Multitrait-multimethod matrix

The multitrait-multimethod (MTMM) matrix is an approach to examining construct validity developed by Campbell and Fiske (1959).^[1] It organizes convergent and discriminant validity evidence for comparison of how a measure relates to other measures.

Definitions and key components

Multiple traits are used in this approach to examine (a) similar or (b) dissimilar traits ( constructs), as to establish convergent and discriminant validity between traits. Similarly, multiple methods are used in this approach to examine the differential effects (or lack thereof) caused by method specific variance.

There are six major considerations when examining a construct's validity through the MTMM matrix, which are as follows:

Evaluation of convergent validity – Tests designed to measure the same construct should correlate highly amongst themselves.
Evaluation of discriminant (divergent) validity – The construct being measured by a test should not correlate highly with different constructs.
Trait-method unit- Each task or test used in measuring a construct is considered a trait-method unit; in that the variance contained in the measure is part trait, and part method. Generally, researchers desire low method specific variance and high trait variance.
Multitrait-multimethod – More than one trait and more than one method must be used to establish (a) discriminant validity and (b) the relative contributions of the trait or method specific variance. This tenet is consistent with the ideas proposed in Platt's concept of Strong inference (1964).^[2]
Truly different methodology – When using multiple methods, one must consider how different the actual measures are. For instance, delivering two self-report measures are not truly different measures; whereas using an interview scale or a psychosomatic reading would be.
Trait characteristics – Traits should be different enough to be distinct, but similar enough to be worth examining in the MTMM.

Example

The example below provides a prototypical matrix and what the correlations between measures mean. The diagonal line is typically filled in with a reliability coefficient of the measure (e.g. alpha coefficient). Descriptions in brackets [] indicate what is expected when the validity of the construct (e.g., depression or anxiety) and the validities of the measures are all high.

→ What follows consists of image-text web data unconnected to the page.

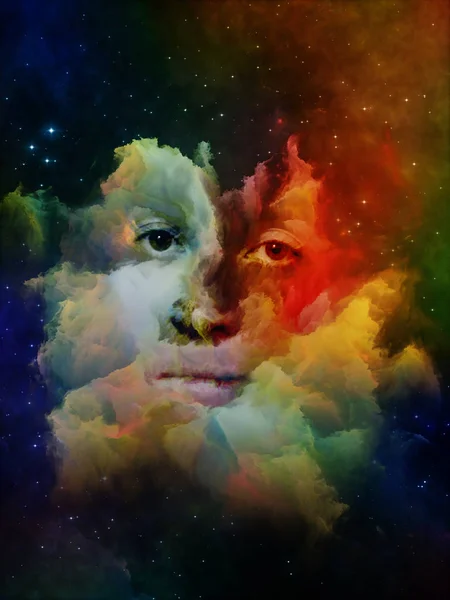 Will Universe Remember Us series. Backdrop of  woman\'s face, nebula and stars to complement your design on the subject of Universe, Nature, human mind and imagination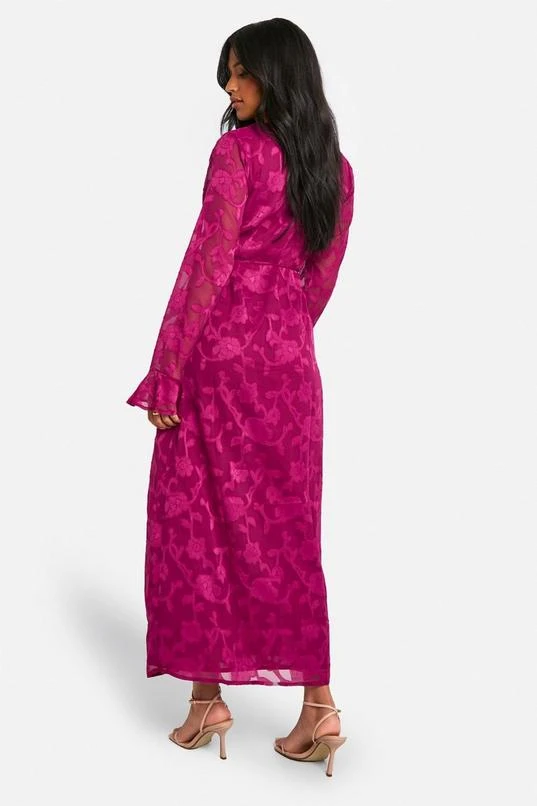 BOOHOO Tall Burnout Floral Ruffle Wrap Dress 2 BOOHOO Tall Burnout Floral Ruffle Wrap Dress - Image 2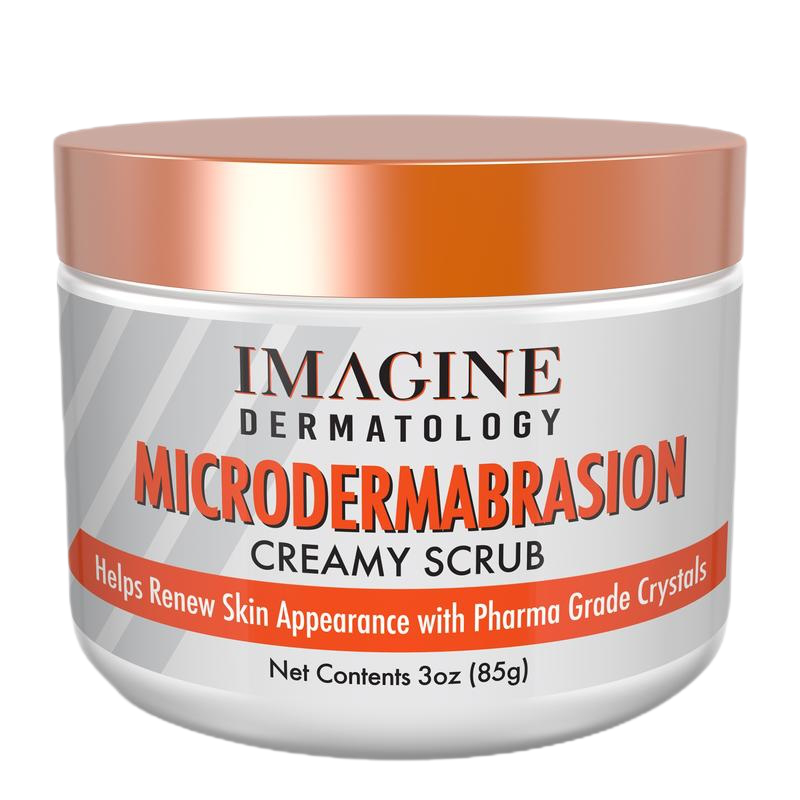 A container of Imagine Microdermabrasion Creamy Scrub with pharma grade crystals, designed for renewing skin appearance.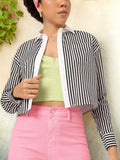 DressBerry Monochrome Stripes Contrast Placket Crop Shirt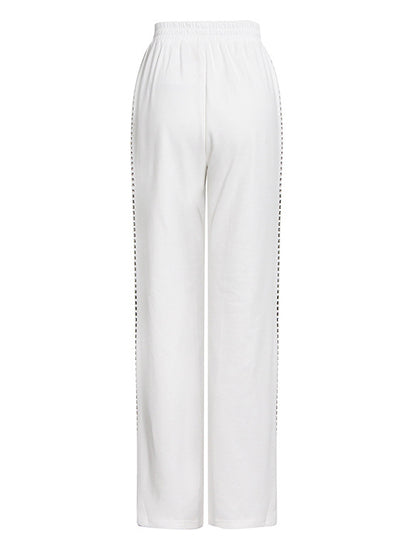 Simple Wide Leg Diamond Encrusted Pants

Test	Beck Depression Inv	Hepner Depression Interview	Beck Anxiety Inv	Hepner Anxiety Interview
BDI	(Reliability Coefficient) [close to 1.00]
HDIv	Heteromethod-monotrait [highest of all except reliability]	(Reliability Coefficient) [close to 1.00]
BAI	Monomethod-heterotrait [low, less than monotrait]	Heteromethod-heterotrait [lowest of all]	(Reliability Coefficient) [close to 1.00]
HAIv	Heteromethod-heterotrait [lowest of all]	Monomethod-heterotrait [low, less than monotrait]	Heteromethod-monotrait [highest of all except reliability]	(Reliability Coefficient) [close to 1.00]

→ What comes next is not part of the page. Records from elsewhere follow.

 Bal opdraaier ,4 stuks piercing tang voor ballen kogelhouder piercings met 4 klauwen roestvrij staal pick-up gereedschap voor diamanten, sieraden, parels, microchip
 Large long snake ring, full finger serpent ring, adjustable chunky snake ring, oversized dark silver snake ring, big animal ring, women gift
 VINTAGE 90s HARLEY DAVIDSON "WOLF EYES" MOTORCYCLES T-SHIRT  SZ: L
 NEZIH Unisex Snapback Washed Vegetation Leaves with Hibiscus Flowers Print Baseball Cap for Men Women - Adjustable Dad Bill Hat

In this example the first row and the first column display the trait being assessed (i.e. anxiety or depression) as well as the method of assessing this trait (i.e. interview or survey as measured by fictitious measures). The term heteromethod indicates that in this cell the correlation between two separate methods is being reported. Monomethod indicates the opposite, in that the same method is being used (e.g. interview, interview). Heterotrait indicates that the cell is reporting two supposedly different traits. Monotrait indicates the opposite- that the same trait is being used.

In evaluating an actual matrix one wishes to examine the proportion of variance shared amongst traits and methods as to establish a sense of how much method specific variance is induced by the measurement method, as well as provide a look at how unique the trait is, as compared to another trait.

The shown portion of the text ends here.